You might give individuals who download material that has historically turned people into leads a specific amount of points, and those who download content that has traditionally converted people into customers a larger number of points.

You have no idea how interested someone is in buying from you if they have signed in to receive emails from your firm. On the other hand, open and click-through rates will offer you a far better picture of their degree of interest. Your sales staff will be interested in knowing who opened each email in your lead nurturing series, as well as who always clicked through your offer promotion emails.
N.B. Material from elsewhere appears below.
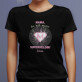 Mama, du bist meine superheldin - Schwarzes T-Shirt für Damen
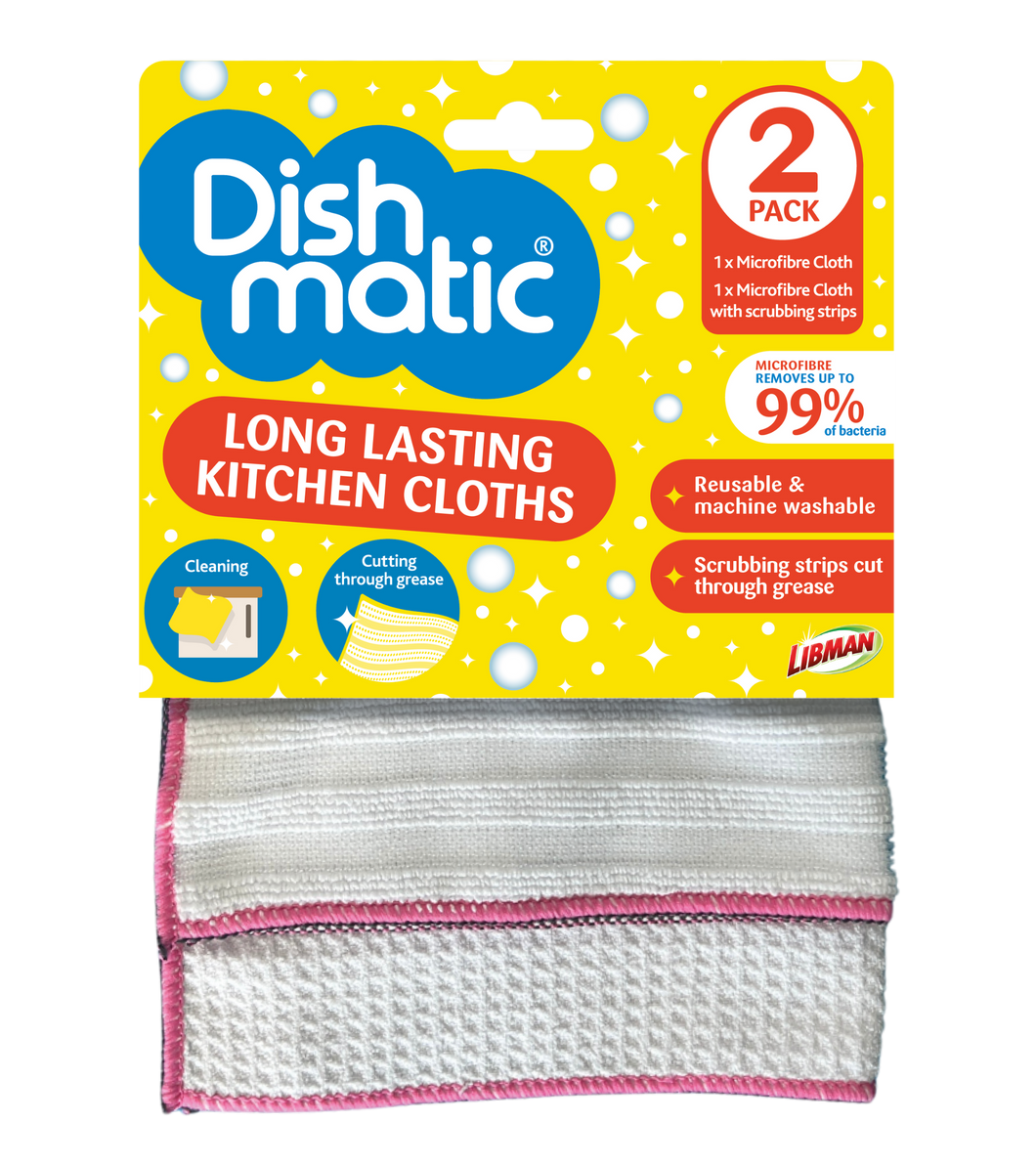 Dishmatic Long Lasting Kitchen Cloths 2 Pack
With higher open rates, you also have to work on reducing email bounce rate. This can be achieved with the help of an email verification tool by firstly checking email IDs validity.

Leads who click through on high-value mailings, such as demo offers, may also receive a better lead score. Here’s an example of a lead scoring system based on email engagement:

Action Taken by Email Recipients Lead Score
Open your email +5 points
Click on the link in your email +10 points
Sign up to attend your webinar +20 points
Download a resource +10 points
Provide email in exchange for a discount +5 points
Not responding after more than 3 emails -25 points

Let’s look at a regular conversion and sales process:

Conclusion

There is no such thing as a one-size-fits-all strategy to lead scoring. Each company is different, and so are its lead scoring model requirements. Determine which indications indicate a lead’s strong desire to purchase your goods or service. Then you may give such activities and demographics larger lead scores.